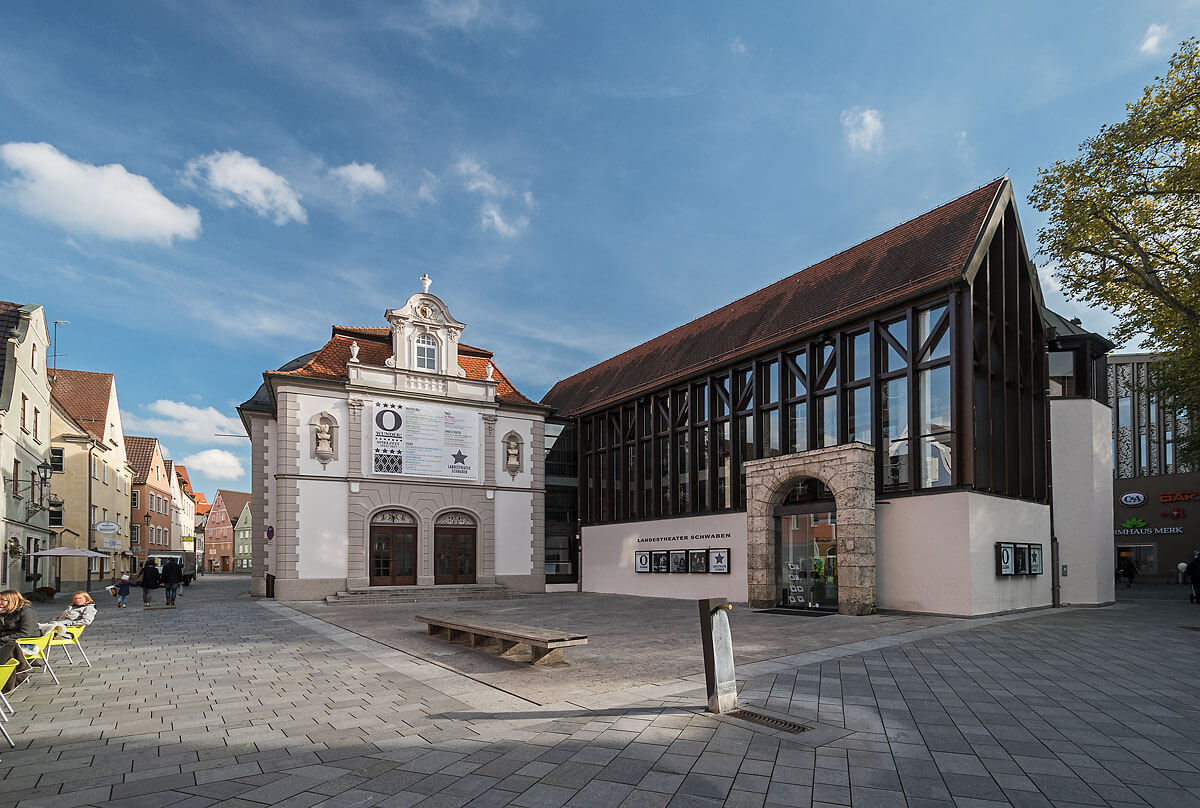 Die Außenansicht des Landestheater Schwaben.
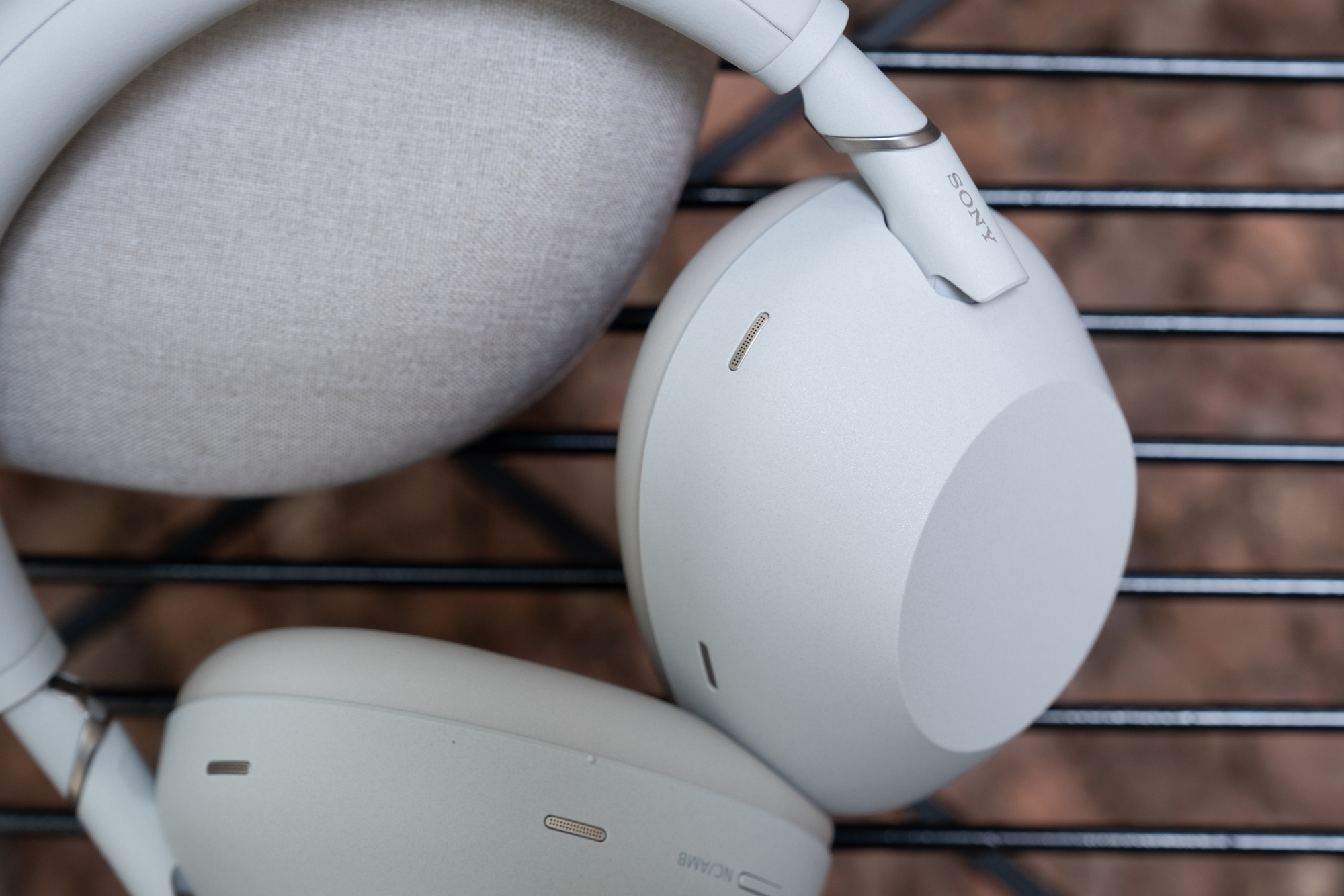 Tai nghe chống ồn Sony WH-1000 XM6 mới lên kệ đã gây sốt: Nhiều cải tiến công nghệ, âm thanh như phòng thu- Ảnh 6. Tai nghe chống ồn Sony WH-1000 XM6 mới lên kệ đã gây sốt: Nhiều cải tiến công nghệ, âm thanh như phòng thu- Ảnh 6.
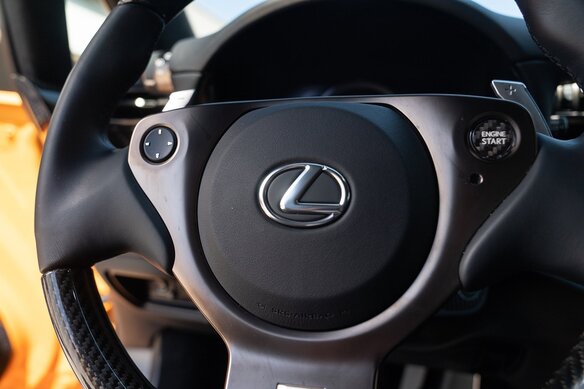 Купить б/у Lexus LFA 2010-2012 4.8 AMT (560 л.с.) бензин робот во ...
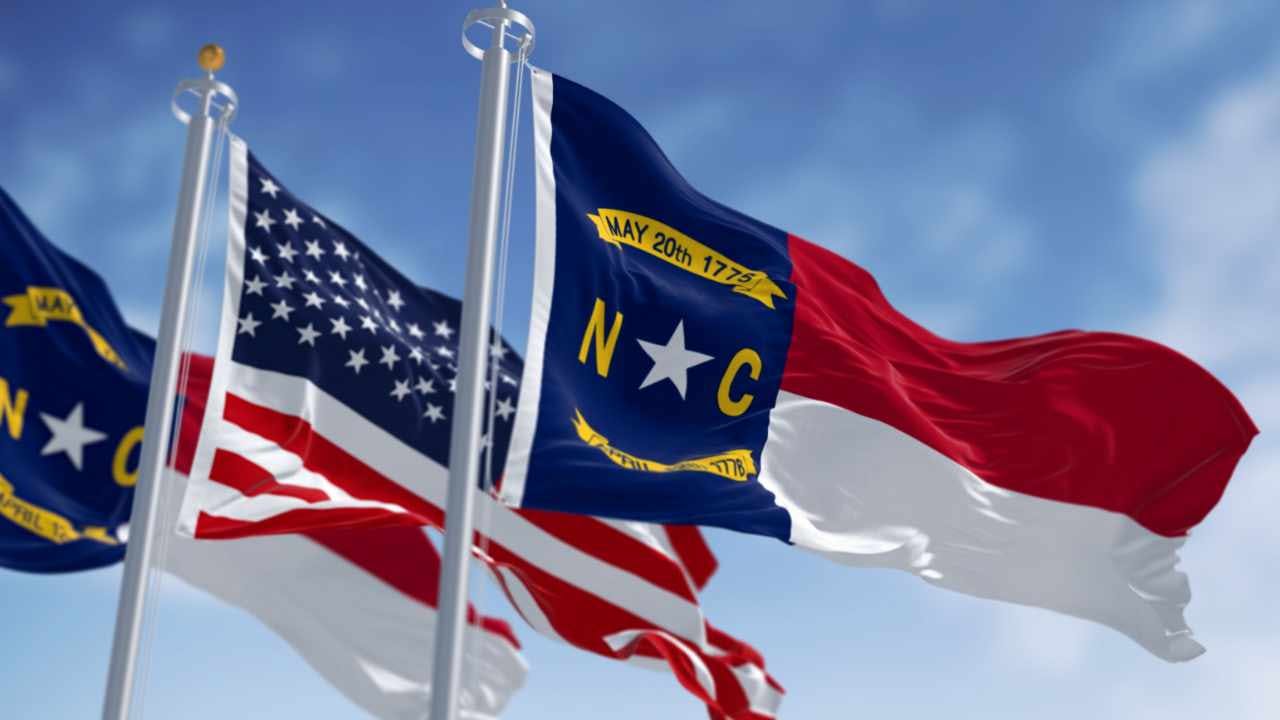 Gambar North Carolina Resmi Larang Penggunaan CBDC, Veto Gubernur Ditolak!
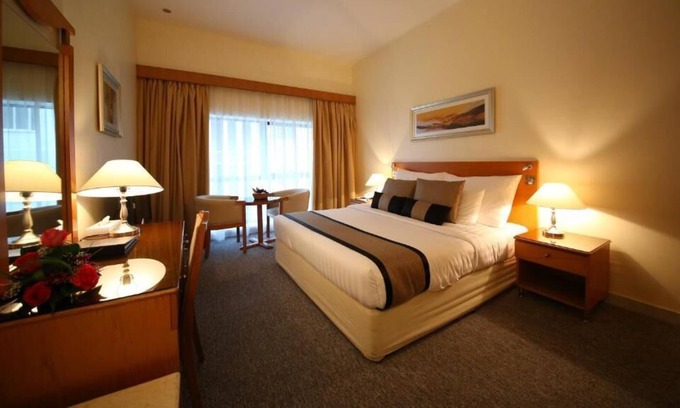 Al Muraqqabat House | Standard Room Near Safeer Market By Luxury Booking Ab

● **Required action**: Output each line above exactly as it stands, omitting the pictures.

● **Answer to the problem**:
 Die Außenansicht des Landestheater Schwaben.
 Tai nghe chống ồn Sony WH-1000 XM6 mới lên kệ đã gây sốt: Nhiều cải tiến công nghệ, âm thanh như phòng thu- Ảnh 6. Tai nghe chống ồn Sony WH-1000 XM6 mới lên kệ đã gây sốt: Nhiều cải tiến công nghệ, âm thanh như phòng thu- Ảnh 6.
 Купить б/у Lexus LFA 2010-2012 4.8 AMT (560 л.с.) бензин робот во ...
 Gambar North Carolina Resmi Larang Penggunaan CBDC, Veto Gubernur Ditolak!
 Al Muraqqabat House | Standard Room Near Safeer Market By Luxury Booking Ab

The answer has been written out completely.